In order to continue providing cutting-edge technology to their agencies, state CIOs are adopting a service broker role, relying on industry partners to efficiently deliver services to their state agencies. Let’s walk through a few of the state-level challenges that are causing this shift:
State Government Budget Challenges
As identified by an analysis conducted by the Center on Budget and Policy Priorities (CBPP), in 2018 over 25 states identified projected revenues that were less than what is needed to maintain existing services. These state-level revenue shortfalls are the result of a combination of variables, including recent tax cuts affecting state tax collection, as well as cuts to federal grants for state and local agencies (which previously accounted for over a quarter of state revenue).
This is a unique conundrum faced by state and local government, as the general economy has continued to grow in recent years. In order to adjust budgets to counteract these challenges, states are forced to cut spending, increase revenues, or tap reserve funds in order to bridge operating budget gaps. While state IT agencies have persevered, these budgetary restrictions have contributed to the need for a cost-efficient approach for delivering technology.
State Agency Consolidation
State and local agencies are going through a period of consolidation. Due to limited internal resources, and in order to improve service capacity, quality, and cost savings, many state governments are merging, partnering, and consolidating agencies. These consolidation efforts have forced state CIOs to engage with stakeholders across their respective states in order to take inventory of previous investments in IT assets, map out legacy system costs, and then identify a plan for how consolidating these service areas will save money. These consolidation efforts are all-encompassing, requiring inter-agency involvement, sometimes further complicating an already complex state and local government landscape, before providing any promise of savings in return.
State IT Workforce Demand
Attracting and retaining experienced IT professionals has become a growing issue for state and local government. In direct competition with private industry, facing obstacles in recruitment, compensation, and employment benefits, states have fallen behind the curve, losing out on the new wave of talented IT professional entering the workforce.
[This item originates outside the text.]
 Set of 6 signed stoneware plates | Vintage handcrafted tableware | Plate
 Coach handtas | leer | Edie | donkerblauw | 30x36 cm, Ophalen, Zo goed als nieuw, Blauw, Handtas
The workforce gap is compounded by the fact that the state workforce is on average four years older than workers within other industries. As a result, there’s an impending dilemma in sight for state agencies, where large portions of the workforce are nearly eligible to retire, while a shortage of qualified recruits are prepared to backfill these soon-to-be vacant positions. Specifically, as outlined by a 2018 Digital States Survey conducted by Govtech Navigator, 98% of state CIOs identified cybersecurity as the biggest workforce need in 2019.
The unique situation facing state and local government as a whole has changed the way that state IT agencies are delivering information technology services. State CIOs are operating in an evolving landscape, where administering all IT services in-house is no longer feasible nor efficient, because of the lack of available budget, bandwidth, and personnel.
This shift has found state CIOs relying upon industry partners, in order to properly deliver and manage innovative technology throughout their respective states. Their new role as a broker of IT services focuses on industry partner relationships and available services, relying upon as-a-service offerings rather than application development. This shift ultimately will empower states to offer innovative services to state constituents, in the form of digital government offerings, changing state and local government as we know it.